There is great wailing and gnashing of teeth over the potential for catastrophe if the debt ceiling is not raised, but whether the ceiling is raised or not, the underlying problem will remain to be reckoned with yet again.
We are warned against defaulting on the national debt, which President Barack Obama tells us will have the most dire consequences. However, default really isn’t an issue, as economist and former long-time Federal Reserve System Chairman Alan Greenspan explained: “The United States can pay any debt it has because we can always print money to do that. So there is zero probability of default.”
While Mr. Greenspan’s statement is technically true, printing even more money to pay the nation’s debts has its own set of economic problems, and heaven knows we have enough of those already.
Another reason paying our debt service isn’t a problem is that even if the debt ceiling isn’t raised so that the government can borrow more money, there is more than enough money coming into the treasury each month to pay the interest on the debt multiple times over, although that has its problems, too.
But the best reason is contained in Section Four of the Fourteenth Amendment to the U.S. Constitution, which directs, in no uncertain terms, that "the validity of the public debt of the United States, authorized by law, including debts incurred for payment of pensions and bounties for services in suppressing insurrection or rebellion, shall not be questioned." The Constitution commands the president to make good the debts of the United States, and that includes both what our nation owes to bondholders, and the sums promised in legislation to those receiving pensions set by law, according to legal scholar Garrett Epps.
What that means is that if the debt ceiling isn’t raised President Obama will be forced to make some tough decisions on what won’t receive funding so those mandated payments can be made, and since much of Mr. Obama’s popularity comes from spending money, there could be some uncomfortable and long days in the White House.
However, the scare mongering about the catastrophe facing the nation and the resulting public outrage will likely force an increase in the debt ceiling for the 80th time since 1940.
President Obama tells us this won’t increase spending, but since it does increase the limit on spending, does anyone really doubt that spending will soon increase, and before long the politicians will want yet another debt ceiling increase.
Sometimes there are compelling reasons for deficit spending, like WWII, the 9-11 attacks, and the banking crisis that threw the country’s economic system into crisis, but most times it is just a bail out from fiscal irresponsibility. Sometimes the ceiling has been raised by a small amount, other times by a large amount, and sometimes it’s been raised temporarily with provisions for a "snap-back" to a lower level.
“Weighing benefits against costs is the way most people make decisions – and the way most businesses make decisions if they want to stay in business,” says the eminent economist Dr. Thomas Sowell. “Only in government is any benefit, however small, considered to be worth any cost, however large.”
And that is the crux of the problem. People who are elected to represent the interests of the citizenry do not use common sense and basic economics when making decisions we pay them to make.
Trying to obtain benefits without considering either the cost or the likelihood of success not infrequently produces bad programs, and bad programs breed and multiply in Washington, DC, and live forever.

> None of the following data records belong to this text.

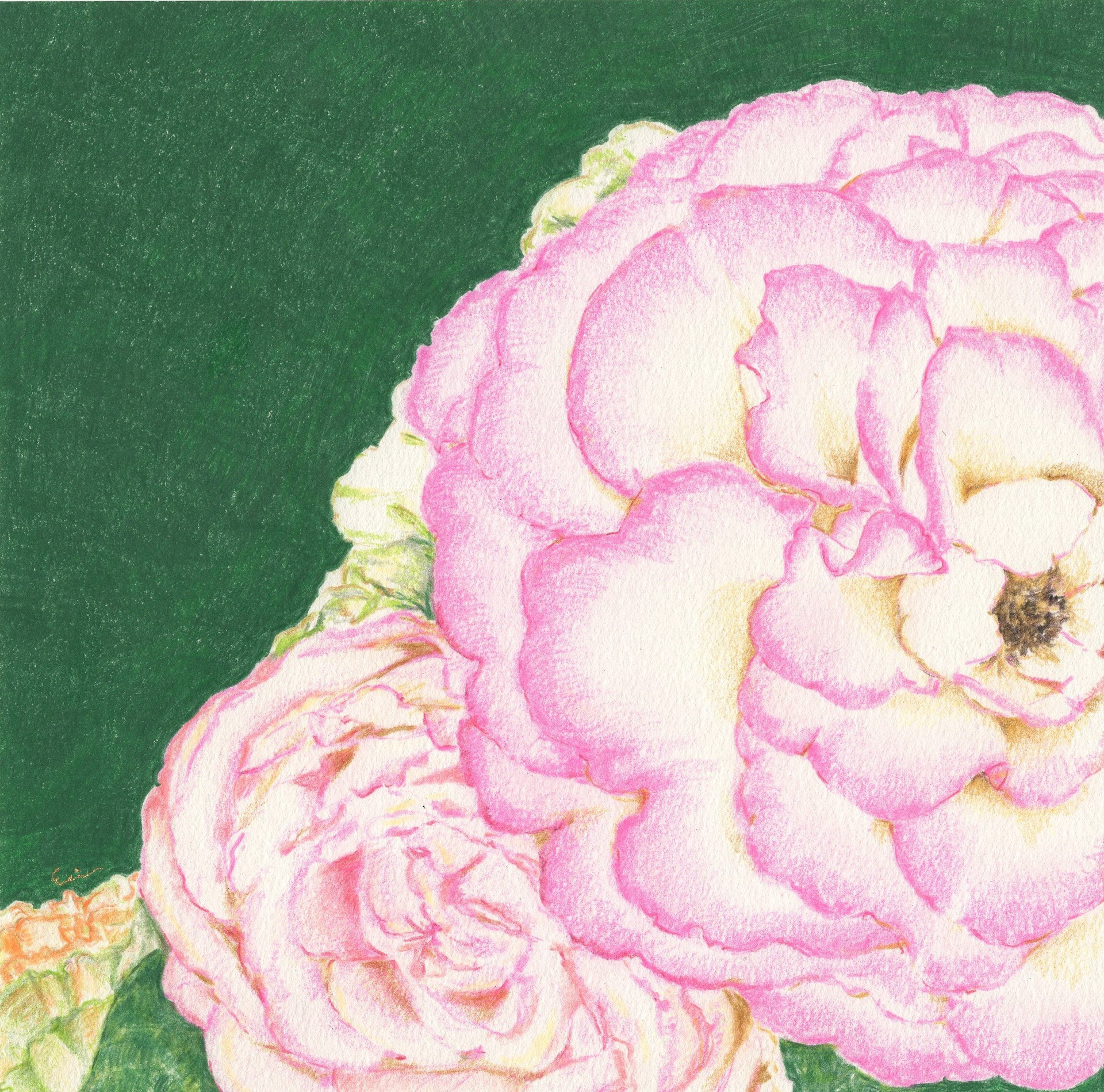 「Rose  scents」　2021　190mm×190mm　colored pencil, paper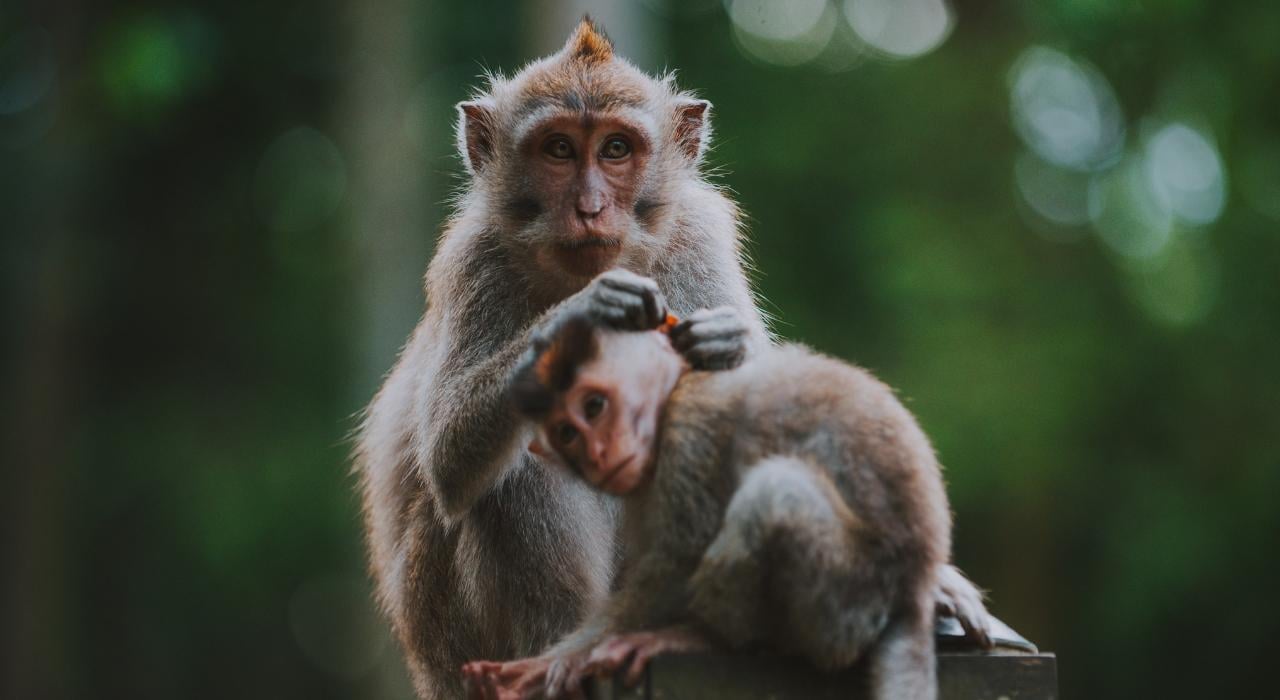 Ubud Highlights Tour: Barong Dance, Monkey Forest & Rice Terraces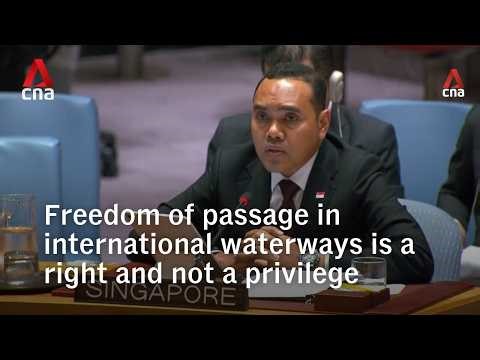 Singapore reaffirms freedom of passage in international waterways is 'right not privilege'
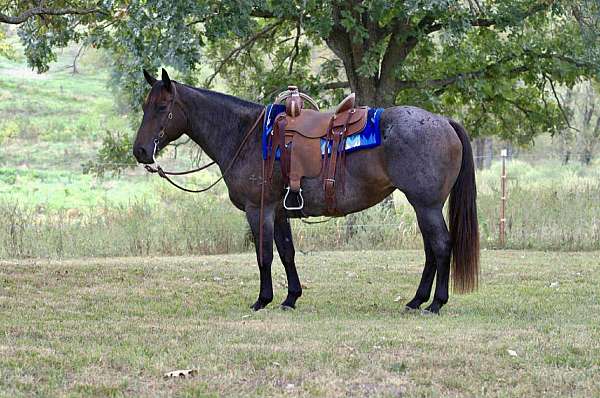 all-around-quarter-horse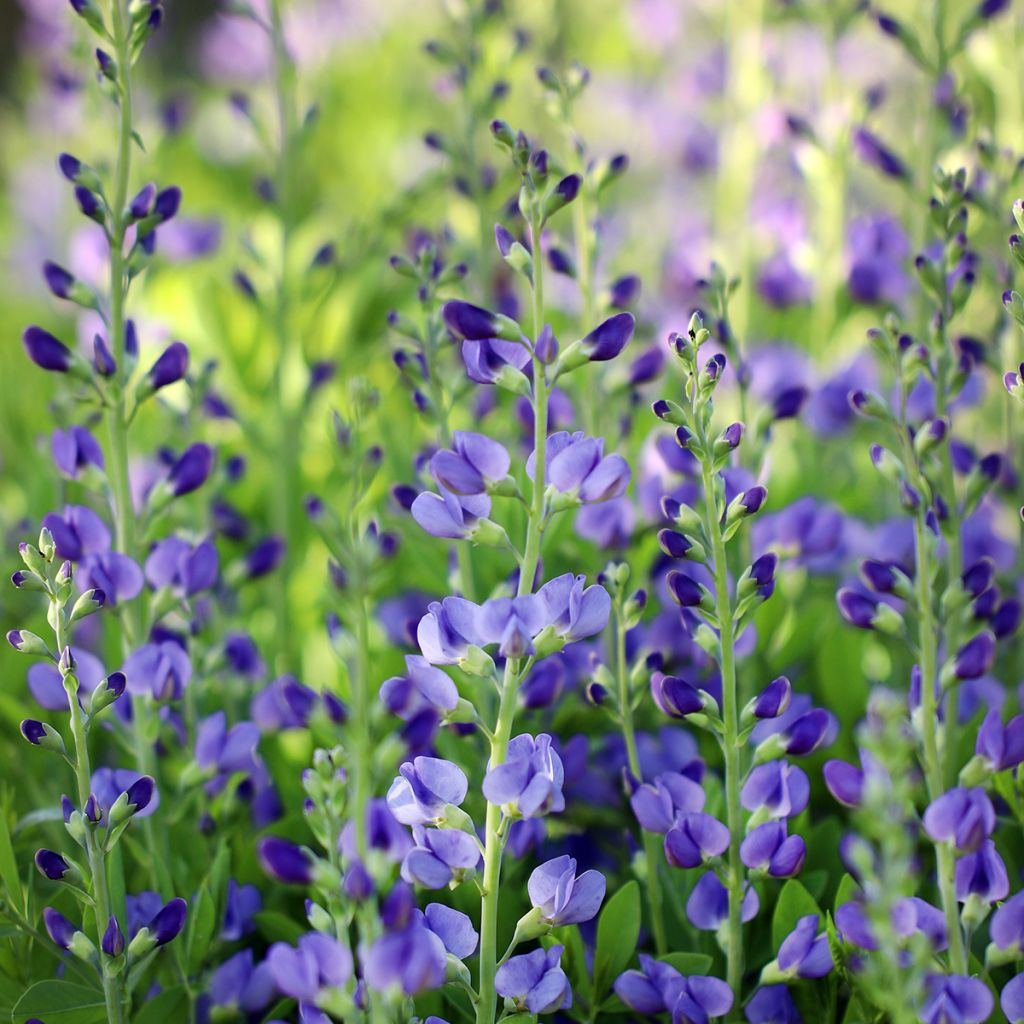 Baptisia australis - False Indigo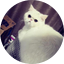 cocoleYY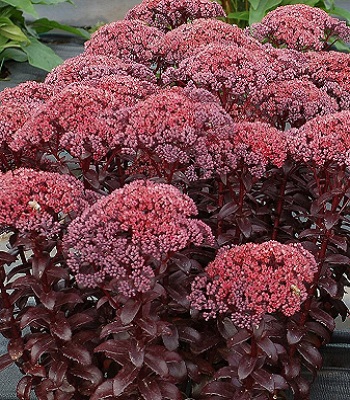 Очиток "Dark Magic" 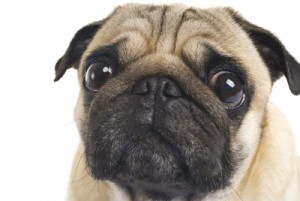 How to Examine Your Pug: Ground Rules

The federal government is simply too big, too powerful, too intrusive, too expensive, and too undisciplined, and as a result there are dozens of duplicate programs, and more than a few programs that do not, and never have, achieved success, but are still being funded. And there are billions going to fraud and abuse.
Attempts to reign in waste, fraud and abuse have mostly lacked serious action, and efforts to cut spending to match income likewise have accomplished little.
And atop that lackluster record we have the biggest deficit producer in history in the White House.
At the end of FY2000, four months before George W. Bush took office, the national debt totaled $5.67 trillion. At the end of the fiscal year that Barack Obama took office it had risen to $11.91 trillion. That number is skewed higher due to the $151 billion TARP program President Bush implemented, $147 billion of which was repaid after Mr. Obama took office.
At the end of FY2013 the debt stood just short of $17 trillion. Excluding FY2009, when both Mr. Bush and Mr. Obama held the White House, the president and the mostly-Democrat-controlled Congress added more than $5 trillion to the national debt, with average deficits of $1.163 trillion from FY2010 – FY2013.
It is way past time that government face up to reality and live within its means. The president and Congress must get rid of unproductive programs; eliminate, or at least significantly reduce, fraud, waste and abuse; shut down or downsize federal departments; and implement business-like fiscal standards. In short: do their job.